Torchrun launches each process on the same CPUs/GPUs

Hello, I am trying to run the multinode ecample using SLURM, on a cluster where every node has 8 GPUs, and 56 CPUs - examples/distributed/ddp-tutorial-series/multinode.py at main · pytorch/examples · GitHub

This is how I launch it -

srun -n2 -N2 -c7 --tasks-per-node=1 --threads-per-core=1 bash -c "torchrun  --nproc_per_node=8 --nnodes=2  --master_addr=$master_ip_addr --master_port=3442 --node_rank \$SLURM_PROCID ./multinode.py 2000 10"

I notice that torchrun is launching every process using the same set of CPUs/GPUs, as determined by the numa library (GitHub - numactl/numactl: NUMA support for Linux)

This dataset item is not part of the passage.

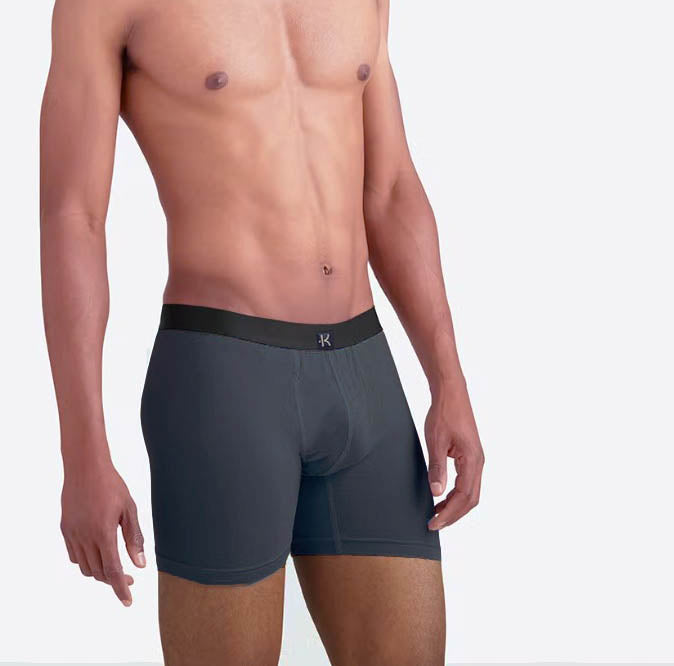 Second Skin Tencel™Modal Standard Length Boxer Brief - No Fly (6 inch inseam leg)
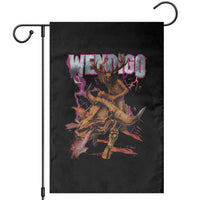 Wendigo Garden Flag Riding Skeleton Cryptid Occult Dark Fantasy - Wonder Print Shop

CPU affinity for PID 3452774: 0 1 2 3 4 5 6
GPU affinity for PID 3452774: 4
CPU affinity for PID 3452775: 0 1 2 3 4 5 6
GPU affinity for PID 3452775: 4
CPU affinity for PID 3452771: 0 1 2 3 4 5 6
GPU affinity for PID 3452771: 4
CPU affinity for PID 1004587: 0 1 2 3 4 5 6
GPU affinity for PID 1004587: 4
CPU affinity for PID 3452772: 0 1 2 3 4 5 6
GPU affinity for PID 3452772: 4
CPU affinity for PID 1004583: 0 1 2 3 4 5 6
GPU affinity for PID 1004583: 4
CPU affinity for PID 1004580: 0 1 2 3 4 5 6
GPU affinity for PID 1004580: 4
CPU affinity for PID 3452773: 0 1 2 3 4 5 6
GPU affinity for PID 3452773: 4
CPU affinity for PID 1004584: 0 1 2 3 4 5 6
GPU affinity for PID 1004584: 4
CPU affinity for PID 1004582: 0 1 2 3 4 5 6
GPU affinity for PID 1004582: 4
CPU affinity for PID 3452770: 0 1 2 3 4 5 6
GPU affinity for PID 3452770: 4
CPU affinity for PID 1004586: 0 1 2 3 4 5 6
GPU affinity for PID 1004586: 4
CPU affinity for PID 3452776: 0 1 2 3 4 5 6
GPU affinity for PID 3452776: 4
CPU affinity for PID 1004585: 0 1 2 3 4 5 6
GPU affinity for PID 1004585: 4
CPU affinity for PID 1004581: 0 1 2 3 4 5 6
GPU affinity for PID 1004581: 4
CPU affinity for PID 3452777: 0 1 2 3 4 5 6
GPU affinity for PID 3452777: 4

Am I launching torchrun in a sensible manner using SLURM? Is launching all processes on the same CPUs expected behavior by torchrun? Is there a workaround where I can enforce torchrun to not use CPUs already assigned to a process?